As with plenty of other technologies that have gone by the wayside, at their peak they were the best thing since sliced bread; vhs, walkmans, CRTs... you get my drift.
Is it perhaps time we added some of our dated encryption methods to that pile of bygones too?

You only have to look at the history of various encryption algorithms, developed as far back as the late 80's or early 90's (RC4, AES). Half of us don't own cars that old (well, I may be an exception to that one!) so why are we trusting clearly out-dated encryption standards? Perhaps Convergence is the new generation of security we really need. 

I realise that not just anyone can open up their system and set about wiring half of the UK's GDP to their offshore account in under thirty minutes. However, the fact that weaknesses (many) have been highlighted is enough for me to question the viability of things like online banking, do I really need it? The answer to that is no, I don't need it, but I want it all the same it's a convenience. That's what everything is built upon, convenience. With a little security thrown in for good measure. Well maybe I want a lot of security, after all I'm using your website to buy goods with my credit card, I'd like to be able to rely on you when you say it's secure.....

Firefox12 - Enough Versions Already, but This One I Like...

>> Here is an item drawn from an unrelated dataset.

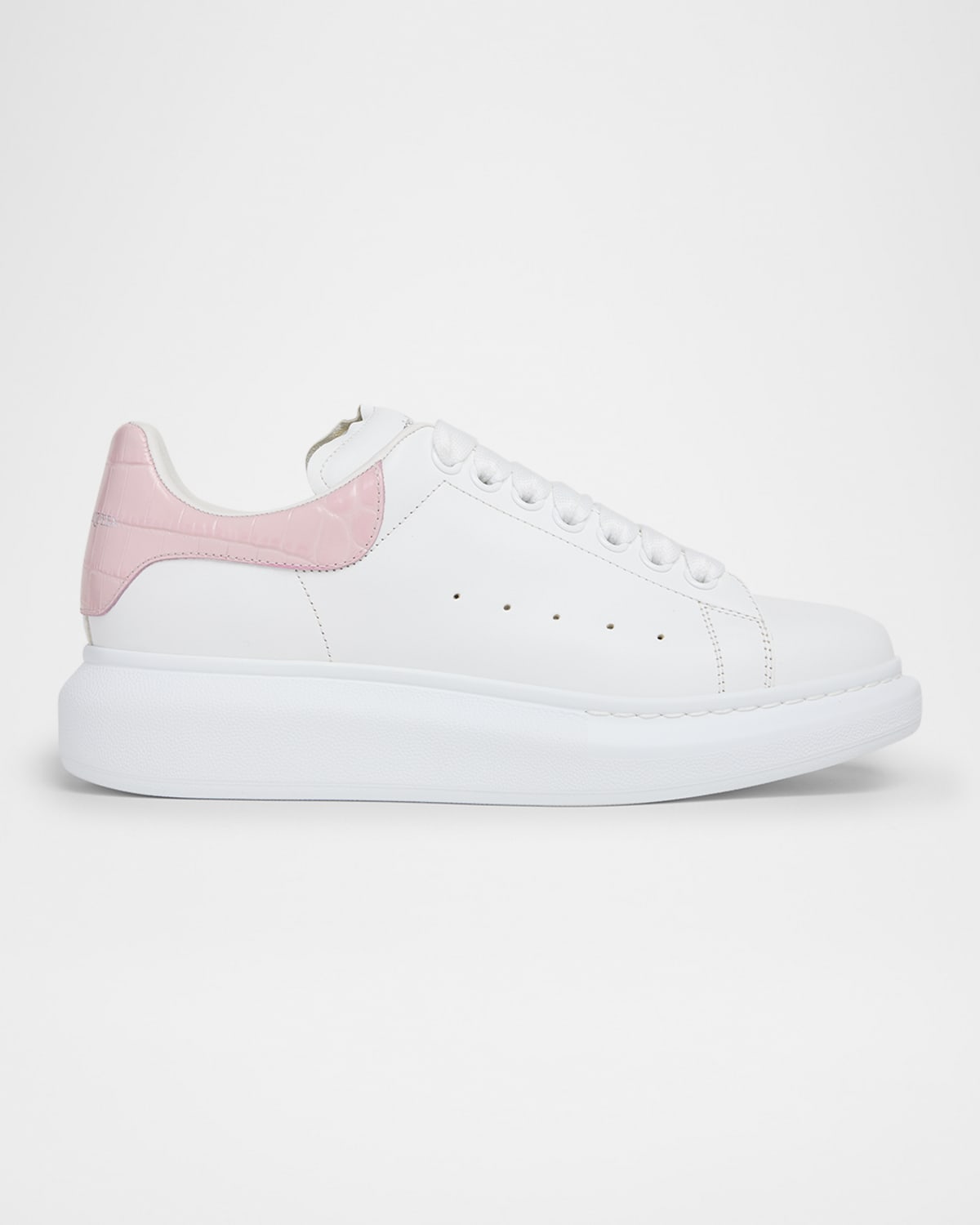 Alexander Mcqueen Oversized Snakeskin-embossed Leather Sneakers In White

I notice firefox 12 is on the horizon. I'm sure I am not the only one to be irritated by the version numbering game. As Smoothwall's Web Filtering Product Manager, keeping up with which versions of popular browers we need to support is like shooting moving targets with a fairground rifle whilst wearing comedy nose glasses.

Version 12 though has a special place for me, as it's going to save me a job - updating my parents' web browser! Being a fairly security minded type chap, I have had them using Firefox - yeah, I know, there's not a lot of difference between the major browsers any more, but when I set their first PC up, it was night and day. I also never gave them admin rights - there's just no need. Or there shouldn't be. The one thing that's been missing all these years though is background updates. Finally, 12 has Silent Service Update - so they'll be able to have the latest version, and I won't have to scoot round the house with my admin creds when I pop in for Sunday lunch!

Great start by Mozilla - and good to see they're going to offer SSU to other software vendors, I always thought it was a shame other products couldn't use Windows Update. I instinctively uninstall Adobe's bloated PDF reader in favour of Sumatra (which is still an Admin-only update, but a lot less prone to attack), but my arch enemy lives on - Java. Next time I am in Wakefield, I'll be working out whether my folks really need a JVM.

PS. Yes, I know Chrome does this already, but I wasn't up for the support overhead of a new browser!